The output is the lines below from the one with "USB-C dual HDMI" through the one with "Sunbeam Power Steam", both included, printed exactly and with no other line.

> _INPUT FOR THIS TASK_
○ ○ ○
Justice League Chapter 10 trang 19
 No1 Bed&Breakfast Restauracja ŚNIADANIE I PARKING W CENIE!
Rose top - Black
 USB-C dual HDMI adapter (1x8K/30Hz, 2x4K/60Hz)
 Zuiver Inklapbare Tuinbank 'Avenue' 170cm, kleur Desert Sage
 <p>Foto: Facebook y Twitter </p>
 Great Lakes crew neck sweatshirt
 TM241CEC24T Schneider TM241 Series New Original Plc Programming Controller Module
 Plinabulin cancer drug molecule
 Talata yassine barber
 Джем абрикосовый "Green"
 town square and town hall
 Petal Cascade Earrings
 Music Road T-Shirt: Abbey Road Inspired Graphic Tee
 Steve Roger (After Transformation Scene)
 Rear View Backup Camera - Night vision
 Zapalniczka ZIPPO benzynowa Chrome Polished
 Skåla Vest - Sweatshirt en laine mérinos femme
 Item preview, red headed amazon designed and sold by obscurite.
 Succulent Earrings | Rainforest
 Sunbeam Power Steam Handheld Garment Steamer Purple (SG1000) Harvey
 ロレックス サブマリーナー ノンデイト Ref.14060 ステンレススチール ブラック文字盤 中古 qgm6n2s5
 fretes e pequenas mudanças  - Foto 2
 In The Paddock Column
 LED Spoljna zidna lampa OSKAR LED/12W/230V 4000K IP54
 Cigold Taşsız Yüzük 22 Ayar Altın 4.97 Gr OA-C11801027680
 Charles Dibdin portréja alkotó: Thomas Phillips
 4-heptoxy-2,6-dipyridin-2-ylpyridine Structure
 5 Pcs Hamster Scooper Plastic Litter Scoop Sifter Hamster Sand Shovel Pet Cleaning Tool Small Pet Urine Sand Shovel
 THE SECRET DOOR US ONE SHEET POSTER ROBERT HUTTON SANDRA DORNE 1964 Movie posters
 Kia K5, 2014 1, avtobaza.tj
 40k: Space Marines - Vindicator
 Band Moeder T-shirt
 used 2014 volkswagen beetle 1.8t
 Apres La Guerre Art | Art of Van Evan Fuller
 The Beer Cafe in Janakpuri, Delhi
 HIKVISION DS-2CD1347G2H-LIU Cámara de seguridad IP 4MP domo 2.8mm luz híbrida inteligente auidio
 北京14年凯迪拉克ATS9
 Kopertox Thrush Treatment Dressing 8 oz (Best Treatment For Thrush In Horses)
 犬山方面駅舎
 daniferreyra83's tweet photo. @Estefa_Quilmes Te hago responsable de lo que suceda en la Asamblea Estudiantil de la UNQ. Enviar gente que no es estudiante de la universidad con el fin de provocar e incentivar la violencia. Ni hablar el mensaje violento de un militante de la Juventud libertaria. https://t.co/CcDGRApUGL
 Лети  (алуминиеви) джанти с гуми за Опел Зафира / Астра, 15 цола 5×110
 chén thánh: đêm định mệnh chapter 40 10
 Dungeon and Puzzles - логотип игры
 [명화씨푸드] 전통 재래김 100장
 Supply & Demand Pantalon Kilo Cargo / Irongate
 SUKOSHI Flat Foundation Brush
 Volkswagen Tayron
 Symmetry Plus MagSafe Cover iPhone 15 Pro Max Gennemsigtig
○ ○ ○
> _TASK RESULT_
 USB-C dual HDMI adapter (1x8K/30Hz, 2x4K/60Hz)
 Zuiver Inklapbare Tuinbank 'Avenue' 170cm, kleur Desert Sage
 <p>Foto: Facebook y Twitter </p>
 Great Lakes crew neck sweatshirt
 TM241CEC24T Schneider TM241 Series New Original Plc Programming Controller Module
 Plinabulin cancer drug molecule
 Talata yassine barber
 Джем абрикосовый "Green"
 town square and town hall
 Petal Cascade Earrings
 Music Road T-Shirt: Abbey Road Inspired Graphic Tee
 Steve Roger (After Transformation Scene)
 Rear View Backup Camera - Night vision
 Zapalniczka ZIPPO benzynowa Chrome Polished
 Skåla Vest - Sweatshirt en laine mérinos femme
 Item preview, red headed amazon designed and sold by obscurite.
 Succulent Earrings | Rainforest
 Sunbeam Power Steam Handheld Garment Steamer Purple (SG1000) Harvey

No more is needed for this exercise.